DOMRADIO.DE: Sie haben die Diskussion angesprochen in Deutschland, die unter anderem von Julia Klöckner ausgelöst wurde, inwiefern sie sich zur Tagespolitik äußern soll. Was wünschen Sie sich von den Kirchen?
Schulze: Ich wünsche mir eine starke Stimme der Kirchen. Ich schätze das Wertesystem der Kirchen. Die vielen Mitglieder wollen solidarisch sein und Mitmenschlichkeit leben. Sie wollen die Schöpfung erhalten und sich darum kümmern, dass dieser Planet auch für die nächsten Generationen lebenswert bleibt.
Dieses klare Wertegerüst ist enorm wichtig in der jetzigen Zeit. Eine starke Stimme der vielen Menschen, die in Kirchen engagiert sind, ist wichtig für unsere Gesellschaft. Wir würden sehr viel verlieren, wenn eine der größten Nicht-Regierungsorganisationen, die wir haben, verstummen würde. Sie müssen sich in die aktuellen Debatten einmischen. Das hat eine lange Tradition, die darf nicht abbrechen.
DOMRADIO.DE: Sie sprechen auf dem Kirchentag bei einem Podium, bei dem es um Finanzgerechtigkeit geht. Was ist Ihnen wichtig bei dem Thema?
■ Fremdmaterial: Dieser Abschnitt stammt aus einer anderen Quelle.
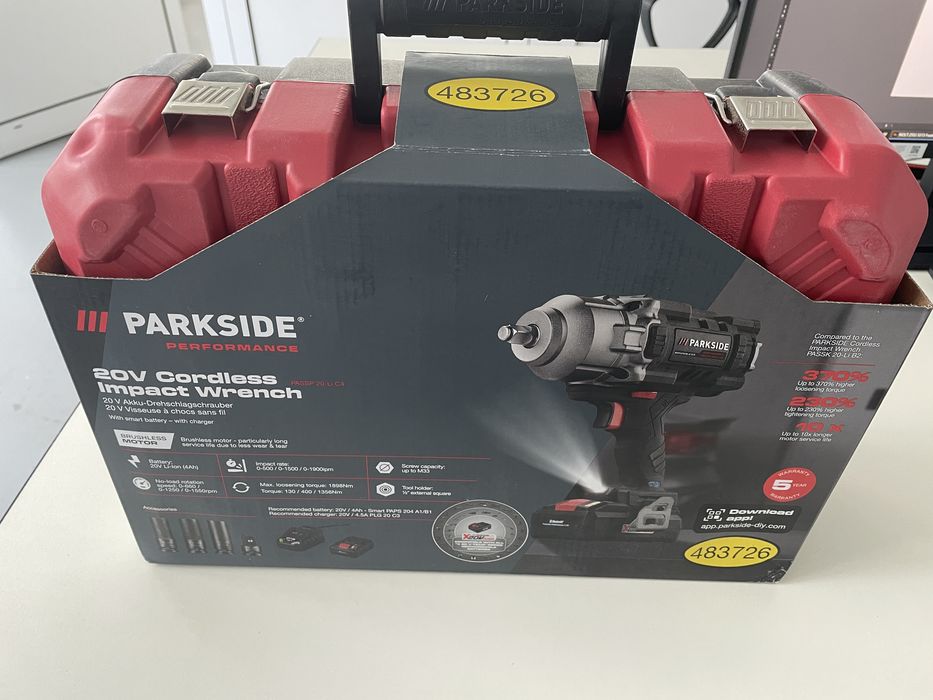 Гайковерт Parkside Performance PASSP 20-Li C4 с батерия и зарядно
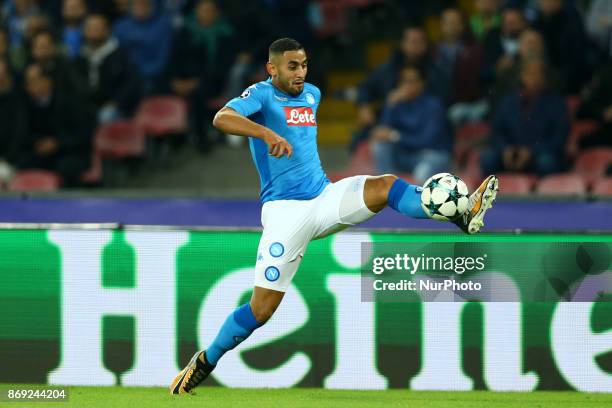 Faouzi Ghoulam of Napoli at San Paolo Stadium in Naples, Italy on November 1, 2017.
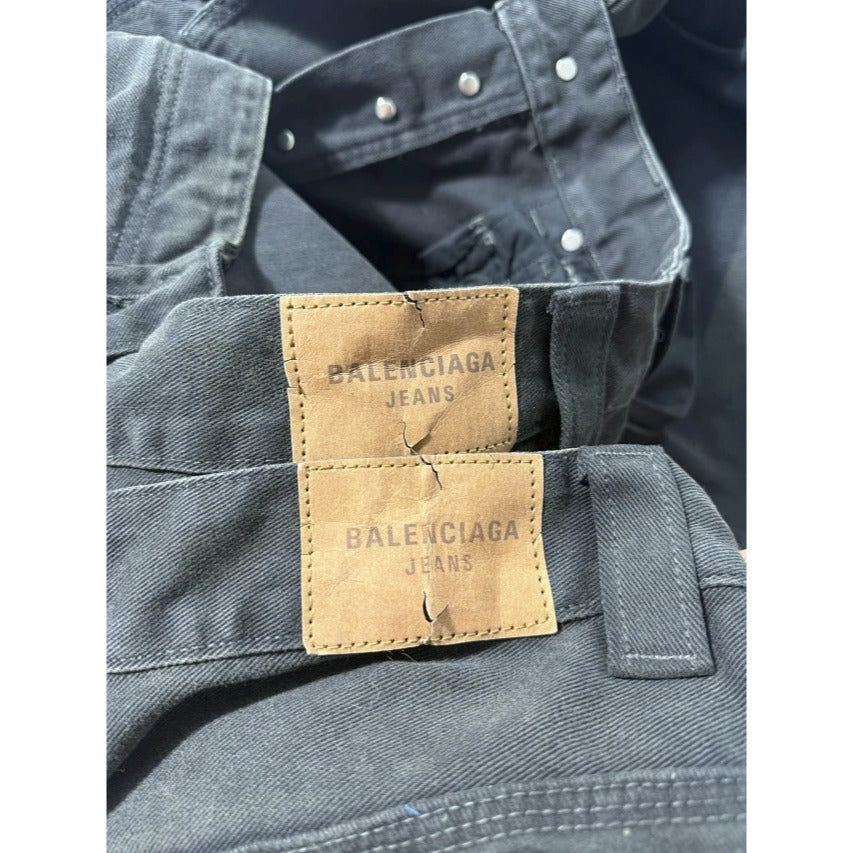 BLACK RIPPED OFF BAGGY DENIM PANTS FW25 - Balenciaga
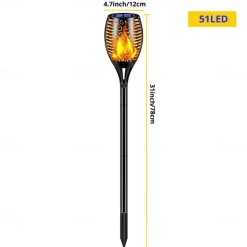 Solar Garden Flame Light - 96 LED Outdoor Pathway Flickering Torch, Waterproof Landscape Lawn Lamp for Path Lighting & Decor for Halloween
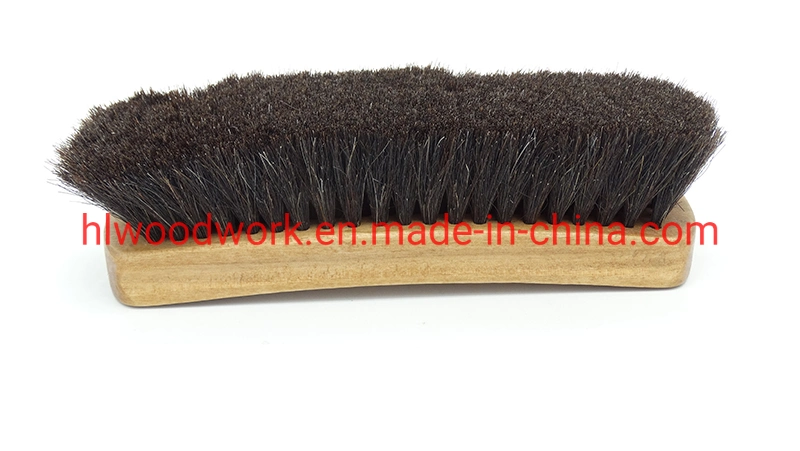 Shoe Polish Brush 20cm Beech Wood Handle Horse Hair Black Horse Hair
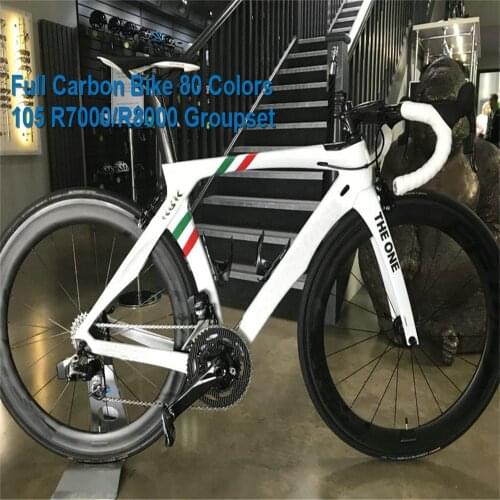 30 colors RB1K THE ONE Italian Champion Rahmenset White Carbon Bicycle Racing Bike Road Complete Bike with 105 R7000 groupset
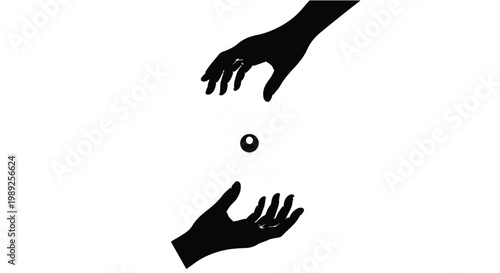 Two hands reaching for a small, dark sphere against a white background, symbolizing connection and shared purpose.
Schulze: Die Finanzen sind sehr wichtig. Wenn wir es schaffen würden, die vielen Anlagemöglichkeiten, die es gibt, in eine nachhaltige Richtung zu bringen, wäre für die gesamte Welt sehr viel gewonnen. Im Moment haben wir das Vorgehen, dass wir sagen, dass es eine sogenannte ODA-Quote gibt: Das, was in Entwicklung investiert werden soll, sind 0,7 Prozent des Brutto-Nationaleinkommens. 0,7 Prozent also von allem, was in Deutschland erwirtschaftet wird.
Aber wenn 0,7 Prozent für Gerechtigkeit in der Welt, für Gesundheitssysteme und für den Klimaschutz eingesetzt werden und 99,3 Prozent dagegen arbeiten, wird es nicht funktionieren. Das Investment der vielen Menschen mit Geld in die richtigen Richtungen zu lenken, sodass es sich für die Zukunft der nächsten Generation lohnt und wir in eine nachhaltige Welt investieren, ist enorm wichtig.
Es ist leichter gesagt als getan, deswegen gibt es hier beim Kirchentag eine Diskussion darüber. Finanzwirtschaft klingt zuerst nach einem trockenen Thema, aber es ist ein wirklich wichtiges. Darüber wird eine Menge in unserer Gesellschaft entschieden. Deswegen freue ich mich, dass wir hier über nachhaltige Finanzen diskutieren.
DOMRADIO.DE: Weltweit sind Religionsgemeinschaften und Kirchen wichtige Akteure. Wie sehen Sie das in der Entwicklungszusammenarbeit? Welche Rolle hat die Kirche?
Schulze: Erstmal muss man sehen, dass neun von zehn Menschen auf der Welt religiös sind. Religionsgemeinschaften haben demnach eine enorm wichtige Rolle, um Menschen zu erreichen. Gerade die großen Kirchen aus Deutschland sind in der Entwicklungszusammenarbeit sehr engagiert.
Ich treffe hier zum Beispiel eine Klimaaktivistin aus Uganda, die sich dafür einsetzt, dass man sich an die schlimmen Klimaveränderungen in Uganda anpasst. Sie kann diese Arbeit machen, weil sie von "Brot für die Welt" unterstützt wird. Das ist unmittelbare Solidarität, die da wirkt.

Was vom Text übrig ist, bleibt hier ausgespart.